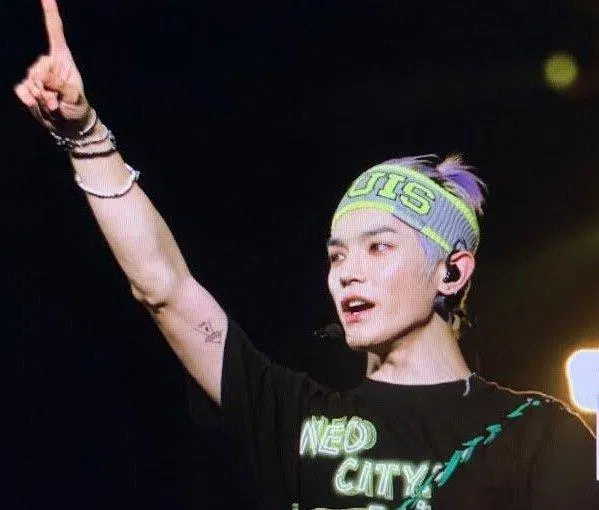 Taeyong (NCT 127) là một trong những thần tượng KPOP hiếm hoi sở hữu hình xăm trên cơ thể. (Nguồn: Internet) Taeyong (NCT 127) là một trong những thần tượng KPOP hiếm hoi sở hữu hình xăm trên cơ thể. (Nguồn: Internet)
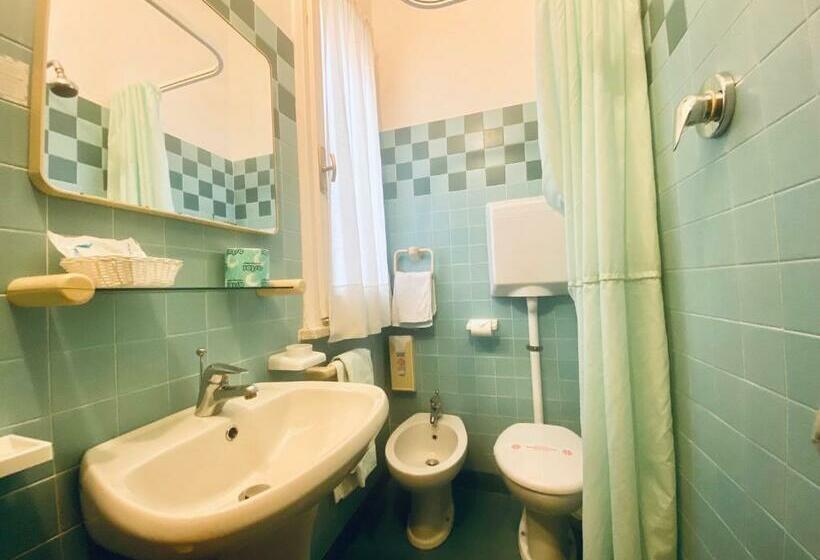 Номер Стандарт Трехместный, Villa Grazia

--

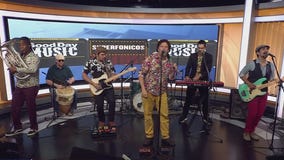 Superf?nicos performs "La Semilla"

==

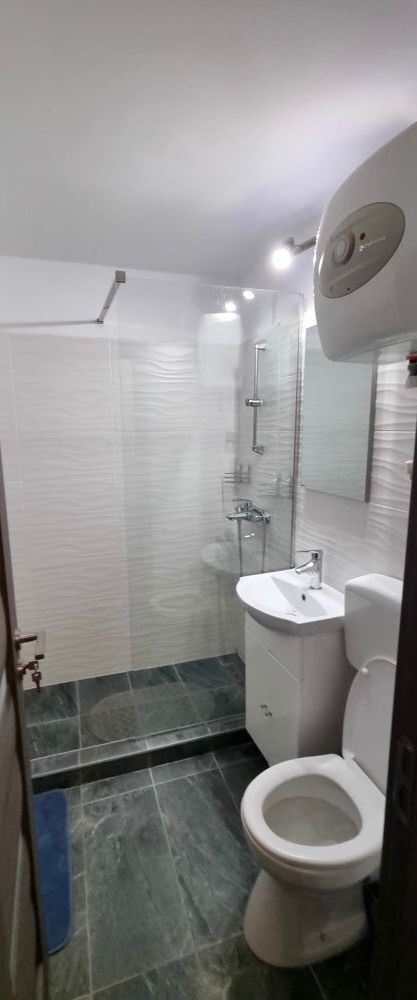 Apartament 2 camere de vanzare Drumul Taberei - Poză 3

= What you have to do =
Starting at the line above that holds "(Nguồn: Internet) Taeyong", repeat every line exactly down to and including the line that holds "Номер Стандарт Трехместный, Villa Grazia", then stop. Do not carry over any pictures.

= Solution to the problem =
 Taeyong (NCT 127) là một trong những thần tượng KPOP hiếm hoi sở hữu hình xăm trên cơ thể. (Nguồn: Internet) Taeyong (NCT 127) là một trong những thần tượng KPOP hiếm hoi sở hữu hình xăm trên cơ thể. (Nguồn: Internet)
 Номер Стандарт Трехместный, Villa Grazia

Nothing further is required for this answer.